I am trying to help someone who had a similar problem by sharing my remedy. I have re-read my posts and I have in no manner jumped on Toyota about this. I think some people get their kicks from arguing for the sake of arguing. It is possible that some gasoline additive damaged the cat. converter and Toyota replaced it, but whatever they replaced it with is not suffering the same consequences of bad gas because I no longer have the smell. I am happy with my treatment by Toyota on this issue. I only mentioned Shell oil in my reply to Hylyner because that is who Hylyner said was responsible for the bad gas, giving example of a class action lawsuit. I am not sure what, if any, suggestions Pilot130 and Hylyner are giving to the owner suffering this problem. To sue gas companies? To live with it even though Toyota has come up with a solution? sheesh.

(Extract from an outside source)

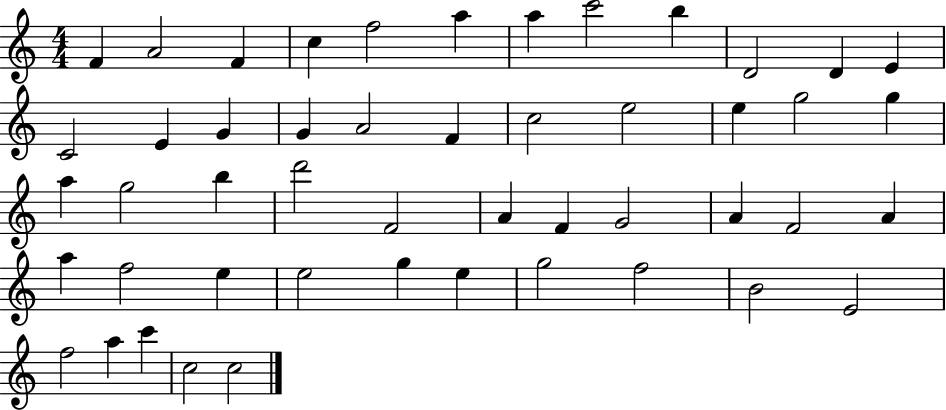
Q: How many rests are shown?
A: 0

Also, if you want to get into a specific discussion about catalytic converters and their issues, then please talk to Mr_Shiftright over in Maintenance & Repair.
No harm was intended.
Your response to the guy was indeed helpful, my post was just meant for info, and I think that's all Hylyner was trying to say too.

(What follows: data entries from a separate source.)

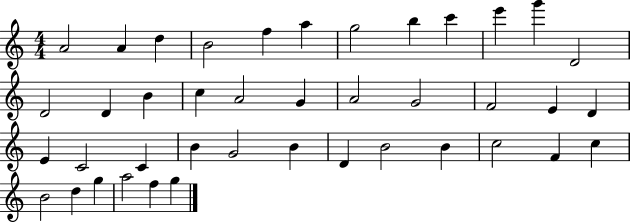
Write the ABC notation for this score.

X:1
T:Untitled
M:4/4
L:1/4
K:C
A2 A d B2 f a g2 b c' e' g' D2 D2 D B c A2 G A2 G2 F2 E D E C2 C B G2 B D B2 B c2 F c B2 d g a2 f g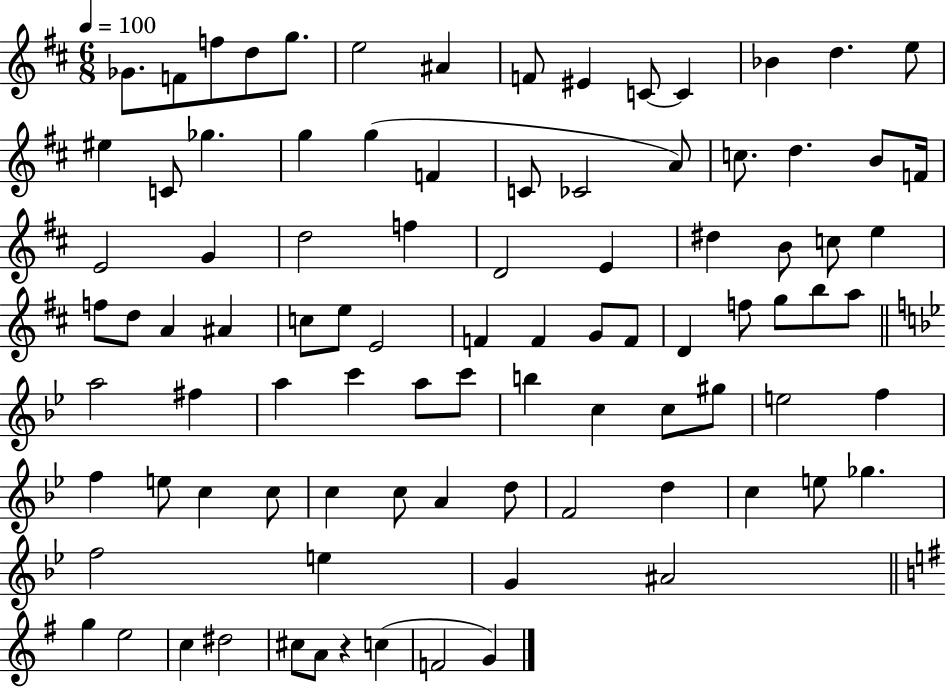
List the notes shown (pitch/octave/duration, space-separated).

Gb4/e. F4/e F5/e D5/e G5/e. E5/h A#4/q F4/e EIS4/q C4/e C4/q Bb4/q D5/q. E5/e EIS5/q C4/e Gb5/q. G5/q G5/q F4/q C4/e CES4/h A4/e C5/e. D5/q. B4/e F4/s E4/h G4/q D5/h F5/q D4/h E4/q D#5/q B4/e C5/e E5/q F5/e D5/e A4/q A#4/q C5/e E5/e E4/h F4/q F4/q G4/e F4/e D4/q F5/e G5/e B5/e A5/e A5/h F#5/q A5/q C6/q A5/e C6/e B5/q C5/q C5/e G#5/e E5/h F5/q F5/q E5/e C5/q C5/e C5/q C5/e A4/q D5/e F4/h D5/q C5/q E5/e Gb5/q. F5/h E5/q G4/q A#4/h G5/q E5/h C5/q D#5/h C#5/e A4/e R/q C5/q F4/h G4/q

Too often we jump all over the first thing we see as a problem.
I was just passing through and saw the bit about bad gasoline, and thought I'd add what I learned about it--actually some time ago.
Your comment says it right: "It is possible that some gasoline additive damaged the cat converter and Toyota replaced it, but whatever they replaced it"
Chill. We don't need animosity in these forums. It just attracts more of the same.
Now his complaint is about a burning rubber smell. I suggest this might be due to various engine components burning off external lubricants, coatings, anti sieze compounds, etc.,which are present during manufacture and assembly. They should disappear over time.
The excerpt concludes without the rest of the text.